Cyprus Finance Minister Vassos Shiarly said reaching out for a European bailout was one of the options under consideration as it struggles to recapitalize its second-biggest bank.
“The mechanism is one of our choices and we should not demonize it,” Shiarly told reporters in Nicosia today, and added that a loan from a third country was also among Cyprus’s options and could help negotiate better terms.
While “time is pressing,” the government has not begun talks for a financial lifeline that could help the east Mediterranean island bolster Cyprus Popular Bank with at least 1.8 billion euros ($2.3 billion) before June 30, and cover “future needs” of the government. “Few days are left and the issue is therefore included in the government’s priorities.”
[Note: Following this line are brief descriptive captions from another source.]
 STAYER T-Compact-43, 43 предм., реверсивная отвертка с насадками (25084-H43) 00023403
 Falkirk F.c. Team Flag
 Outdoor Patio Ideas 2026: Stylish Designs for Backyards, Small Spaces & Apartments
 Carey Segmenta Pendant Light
Spain became the fourth euro country to seek outside help June 9, asking for 100 billion euros of aid from the euro area to bolster its financial industry.
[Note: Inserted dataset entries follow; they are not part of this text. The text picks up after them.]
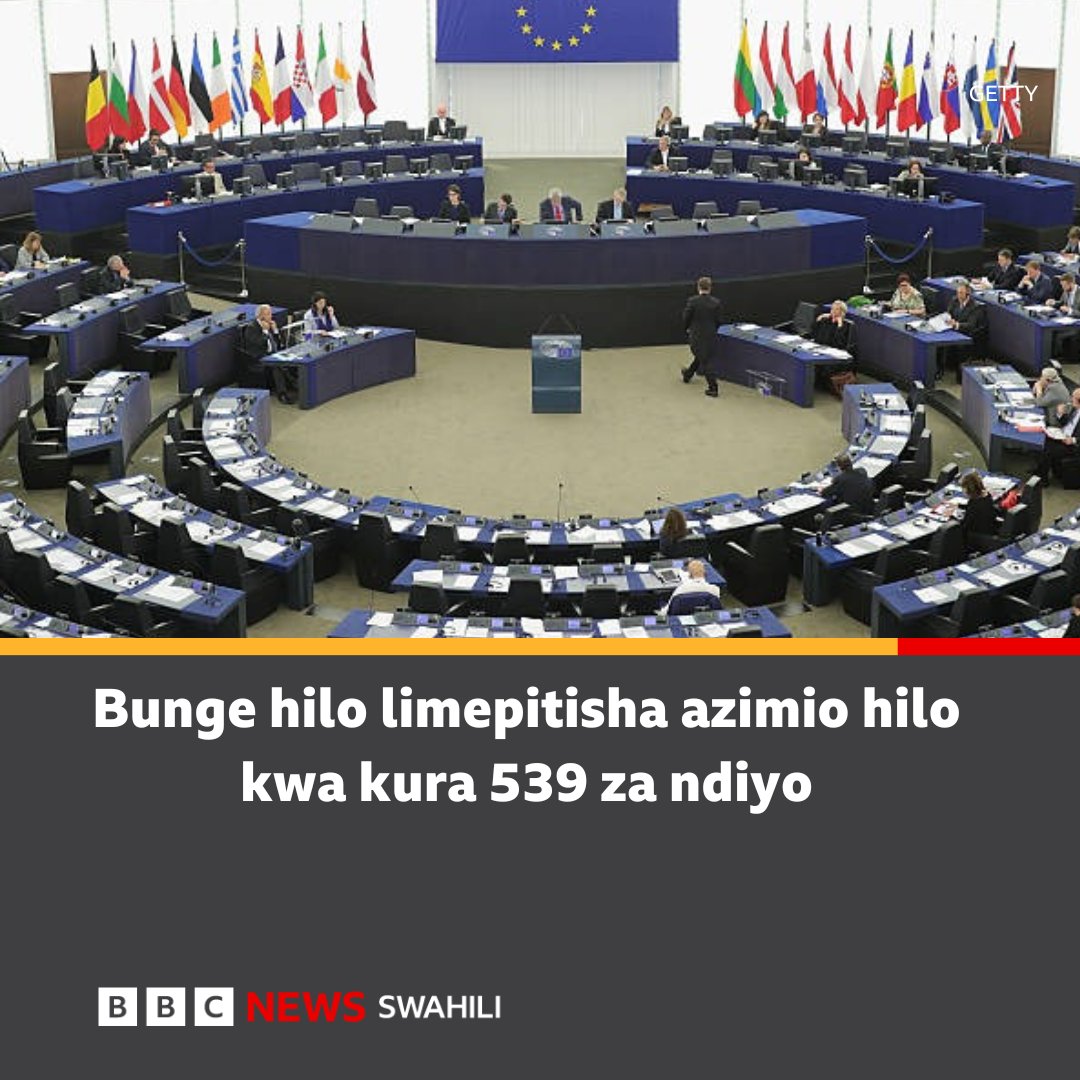 BBC News Swahili tweet media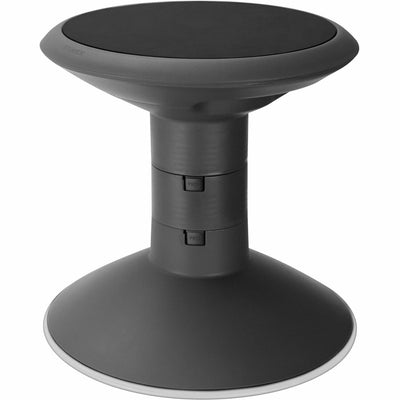 ERA Group Storex Wiggle Stool, Black, STX00300U01C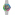 Zodiac Super Sea Wolf Rainbow Skeleton - ZO9298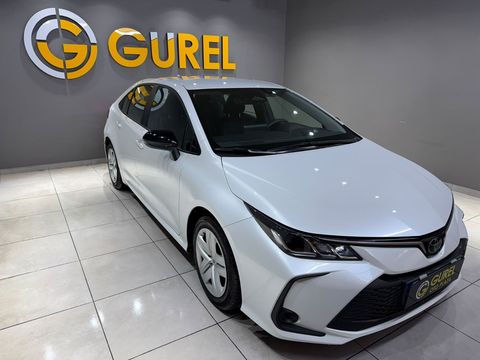 2026 Benzin Otomatik Toyota Corolla Beyaz Gürel Tasarım Aksesuar Otomotiv San. Tic. Ltd. Şti.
Cyprus, which is the euro area’s third-smallest economy, has been shut out of markets since May 2011 and has 2.2 billion euros of maturing debt next year. The government aims at cut its deficit from 6.3 percent of the economy last year to 2.5 percent this year.
European Central Bank governing council member and Central Bank of Cyprus governor Panicos Demetriades told lawmakers earlier today that Cyprus’s fiscal situation is not as bad as often presented. “We shouldn’t send the message that our situation is tragic,” he said.